Exercise prompt –
Take the material below and reproduce, word for word, only the lines from the line with "Фото 13 - Geely Jiaji" through the line with "30A Best, Private".

Study material –
-- -- --

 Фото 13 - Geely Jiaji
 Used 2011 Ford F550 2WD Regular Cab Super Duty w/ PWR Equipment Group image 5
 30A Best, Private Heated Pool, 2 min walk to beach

-- -- --

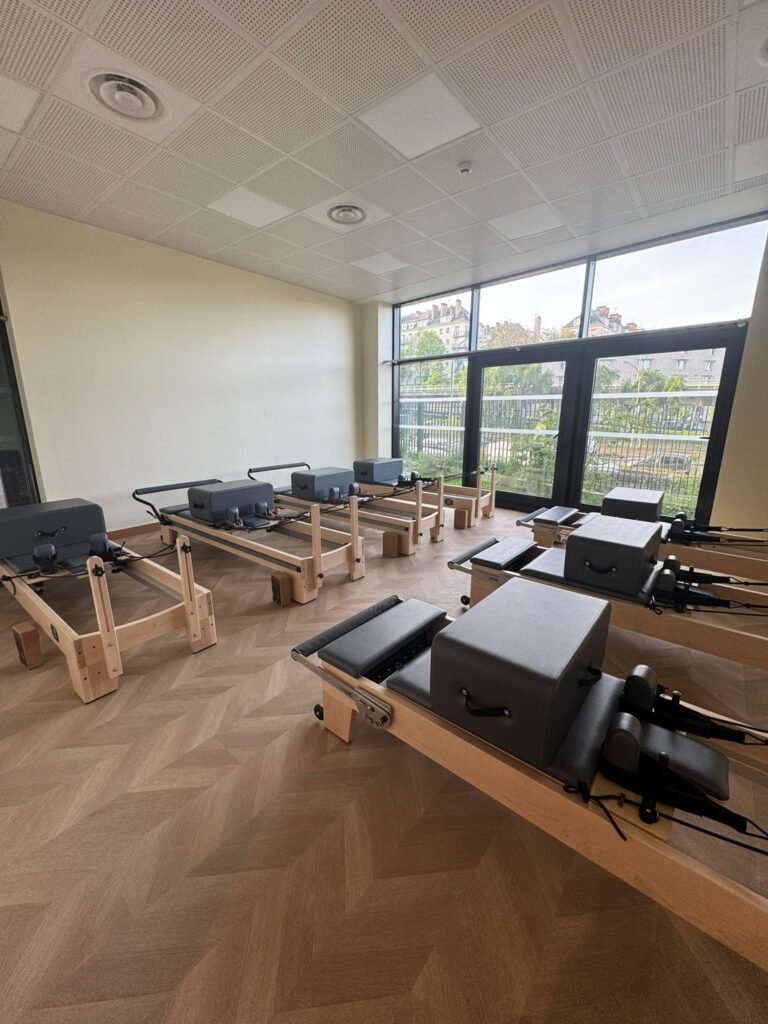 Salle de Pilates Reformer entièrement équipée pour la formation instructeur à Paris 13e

-- -- --

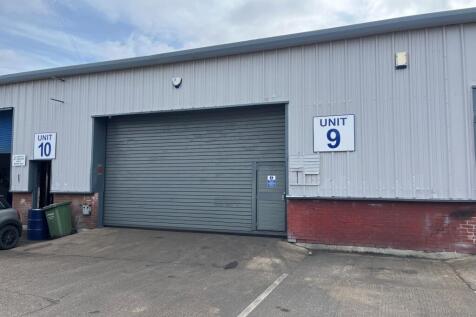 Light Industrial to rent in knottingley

-- -- --

Written response –
 Фото 13 - Geely Jiaji
 Used 2011 Ford F550 2WD Regular Cab Super Duty w/ PWR Equipment Group image 5
 30A Best, Private Heated Pool, 2 min walk to beach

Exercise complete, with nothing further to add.